Future Use Cases (Phase 2+)

  1. Bazarr Integration: Import subtitles directly from Bazarr API
  2. Media Library Scanning: Auto-discover subtitles in /vault media folders
  3. Batch Processing: Apply same style to multiple subtitle files

Architecture Components

1. File Upload System

Current State: VideoUploader accepts video files only Proposed State: FileUploader accepts video OR subtitle files

Changes Required: - Modify VideoUploader.tsx → rename to FileUploader.tsx - Accept both video and subtitle MIME types - Validate file extensions: .mp4, .mkv, .srt, .ass, .vtt - Show different UI hints based on file type - Max size: 2GB for video, 10MB for subtitles

UI Components:

<FileUploader
  onFileSelect={setUploadedFile}
  selectedFile={uploadedFile}
  acceptedTypes={['video', 'subtitle']} // both
/>

2. Job Creation Flow

Current State: All jobs require video_id and run Whisper Proposed State: Jobs can be video-based OR subtitle-based

Database Schema Changes: None required (existing schema supports both)

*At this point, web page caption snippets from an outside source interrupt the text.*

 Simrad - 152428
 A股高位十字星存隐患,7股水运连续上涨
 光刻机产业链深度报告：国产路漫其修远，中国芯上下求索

API Changes: /api/jobs (POST)

// Current: Requires videoPath
{ videoTitle, videoPath, sourceLanguage, config }

// Proposed: Accepts videoPath OR subtitlePath
{
  title: string,
  videoPath?: string,      // For video transcription
  subtitlePath?: string,   // For subtitle import
  sourceLanguage: string,
  config: { ... }
}

Worker Changes: worker/tasks.py - Detect job type: Check if subtitle_path exists in video record - Branch logic: - Video job → Download video → Whisper → Parse SRT - Subtitle job → Download subtitle → Parse directly → Skip Whisper

3. Subtitle Parser Enhancement

Current State: Worker parses Whisper-generated SRT only Proposed State: Worker parses SRT, ASS, and VTT formats

Implementation: - Extract existing parse_srt() from formats/srt_parser.py - Add parse_ass() for ASS format - Add parse_vtt() for WebVTT format - Create unified parse_subtitle_file() dispatcher

Format Support: | Format | Extension | Parser Function | Status | |--------|-----------|-----------------|--------| | SubRip | .srt | parse_srt() | ✅ Exists | | ASS/SSA | .ass, .ssa | parse_ass() | ⚠️ New | | WebVTT | .vtt | parse_vtt() | ⚠️ New |

Output: All parsers return same structure:

[
  {
    'index': 1,
    'start': '00:00:01,000',
    'end': '00:00:03,500',
    'text': 'Subtitle text here'
  },
  ...
]

4. Subtitle Preview Component

Purpose: Display parsed subtitle segments before job submission

Component: SubtitlePreview.tsx

interface SubtitlePreviewProps {
  segments: SubtitleSegment[]
  totalSegments: number
  previewLimit?: number  // Default 10
}

Features: - Show first 10 segments by default - Display timing, text content - Scrollable list with virtualization (for large files) - Segment count summary: "Showing 10 of 847 segments"

UI Design:

┌─ Subtitle Preview ─────────────────────┐
│ 847 segments detected                  │
├────────────────────────────────────────┤
│ [1] 00:00:01.000 → 00:00:03.500        │
│     The world is fogly people doing... │
│                                        │
│ [2] 00:00:06.000 → 00:00:08.000        │
│     It's just nature of the beast.     │
│                                        │
│ ... (showing 10 of 847)                │
└────────────────────────────────────────┘

5. Style Comparison Visualizer

Purpose: Show "before → after" preview of style changes

Component: StyleComparison.tsx

interface StyleComparisonProps {
  segments: SubtitleSegment[]
  selectedStyleProfile: string | StyleConfig
  previewText?: string  // Optional override
  displayMode: 'side-by-side' | 'toggle' | 'overlay'
}

Display Modes:

Mode 1: Side-by-Side

┌─ Original ────────┬─ Styled ──────────┐
│ Sample text here  │ Sample text here  │
│ (Default style)   │ (Custom style)    │
└───────────────────┴───────────────────┘

Mode 2: Toggle (Switcher)

┌─ Preview ─────────────────────────────┐
│ [○ Original] [● Styled]               │
│                                       │
│     Sample text here                  │
│     (Shows selected version)          │
└───────────────────────────────────────┘

Mode 3: Overlay (Fade transition)

┌─ Preview ─────────────────────────────┐
│ [────────●─────────] Opacity slider   │
│                                       │
│     Sample text here                  │
│     (Crossfade between styles)        │
└───────────────────────────────────────┘

Implementation: - Reuse StylePreview.tsx component for rendering - Extract actual subtitle text from uploaded file (not generic sample) - Allow user to pick which segment to preview (dropdown or slider)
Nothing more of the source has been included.